Monsignor Lelli cast a rapid glance around him as he seated himself at the little table, while the professor discussed the ordering of the dinner with the waiter. There was nobody, however, who would be likely to know him by sight, and comment on his presence in Rome in quarters where he would prefer it to remain unknown. A few couples, already half-way through their meal, or smoking their cigars over a measure of white wine, were the only visitors to the Castello di Costantino that evening besides Professor Rossano and his party, and these were evidently students either of art or of love.

"And so," observed Professor Rossano to his guest, as the waiter retired with his order, "you have come to Rome to tell me that you mean to help my son to make an idiot of himself. I suppose you are a little short of something to occupy you at Montefiano?"

Don Agostino laughed. "There was certainly more to occupy me when I lived in Rome," he said, dryly. "As for helping Silvio to make an idiot of himself, I am inclined to think he would make a worse idiot of himself without my assistance."

"Grazie, Don Agostino!" murmured Silvio, placidly.

"I wonder when they will call you back?" the professor said; "not," he added, with a quick movement of the head towards the Vatican, "as long as—"

"Caro senatore!" interrupted Don Agostino, deprecatingly.

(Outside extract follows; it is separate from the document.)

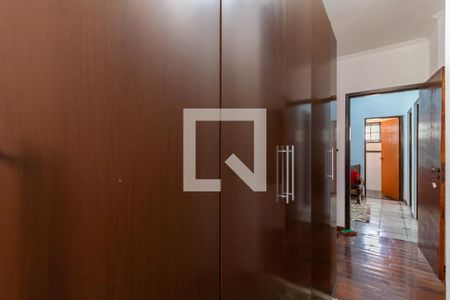 Casa à venda com 320m², 4 quartos e 2 vagas Casa à venda com 320m², 4 quartos e 2 vagasCloset da suíte 1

"Of course—of course!" returned Professor Rossano, hastily. "I forgot your soutane—I always did, in the old days, if you recollect. We will talk of something else. It is always like that—when a man insists upon his right to use his own reason and to think for himself—"

"I thought you proposed to talk of something else," suggested Giacinta, mildly, to her father.

Don Agostino looked at her and laughed.

"He is the same as he was twenty years ago—our dear professor," he said.